It has been quite a week for the cartoon industry. Seems like everyone either insists they are Charlie, or wants to murder them. I checked out the Charlie Hebdo covers published by The Huffington Post and found them adolescent and poorly drawn, sometimes obscene but never particularly funny. Certainly not worth the effort of killing the artists or, as it happened, dying in the process.
Scurrilous cartoons go back a long way. So does naughty language. After I published The Throne in the Heart of the Sea, one reader complained that I shouldn’t have my characters use bad words, because people in the Bible don’t do that. Well, maybe not in the King James translation, but some of the original biblical Hebrew is not exactly fit for Sunday school.
The oldest lewd cartoon I know of was found in a tomb, and dates back to the 15th Century BCE; it is believed to depict Hatshepsut, one of the few female rulers of ancient Egypt.
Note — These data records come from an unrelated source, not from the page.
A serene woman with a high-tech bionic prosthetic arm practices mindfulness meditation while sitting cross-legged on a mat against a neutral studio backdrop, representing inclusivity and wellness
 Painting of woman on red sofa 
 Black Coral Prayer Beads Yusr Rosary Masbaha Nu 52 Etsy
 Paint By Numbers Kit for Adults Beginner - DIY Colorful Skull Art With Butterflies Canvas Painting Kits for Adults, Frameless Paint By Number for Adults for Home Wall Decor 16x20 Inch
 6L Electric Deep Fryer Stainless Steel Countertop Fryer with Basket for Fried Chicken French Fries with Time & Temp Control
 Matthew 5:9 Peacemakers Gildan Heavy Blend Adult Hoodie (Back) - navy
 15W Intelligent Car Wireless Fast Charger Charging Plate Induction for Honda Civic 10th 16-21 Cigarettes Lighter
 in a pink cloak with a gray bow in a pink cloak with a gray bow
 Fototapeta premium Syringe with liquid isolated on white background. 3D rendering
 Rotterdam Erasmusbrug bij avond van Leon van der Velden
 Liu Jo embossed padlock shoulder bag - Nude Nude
She assumed the title of pharaoh—king, rather than queen—and wore the royal regalia, including the double crown and the false beard. Her major accomplishments included opening up trade routes that had been disrupted when Egypt was occupied by foreigners, and commissioning hundreds of grand building projects, more than any other pharaoh of the Middle Kingdom.
“But what about that cartoon?” you ask. That’s it, up at the beginning of this post. Most likely drawn by a worker after the funeral, it depicts the pharaoh being shtupped from behind by a guy whom archaeologists think might be her steward, Senemut. (He was reputed to be her lover.) The cartoon showed a shocking disrespect for royalty—and likely a big dollop of misogyny as well. I’m sure there have always been men who resented a woman boss.
The drawing is still there, some 3500 years later, along with other obscene graffiti, so I guess the artist got away with it. He probably didn’t suffer the fate of the Charlie Hebdo cartoonists, or the hundreds of media workers imprisoned in modern Egypt and other countries because of what they wrote or depicted.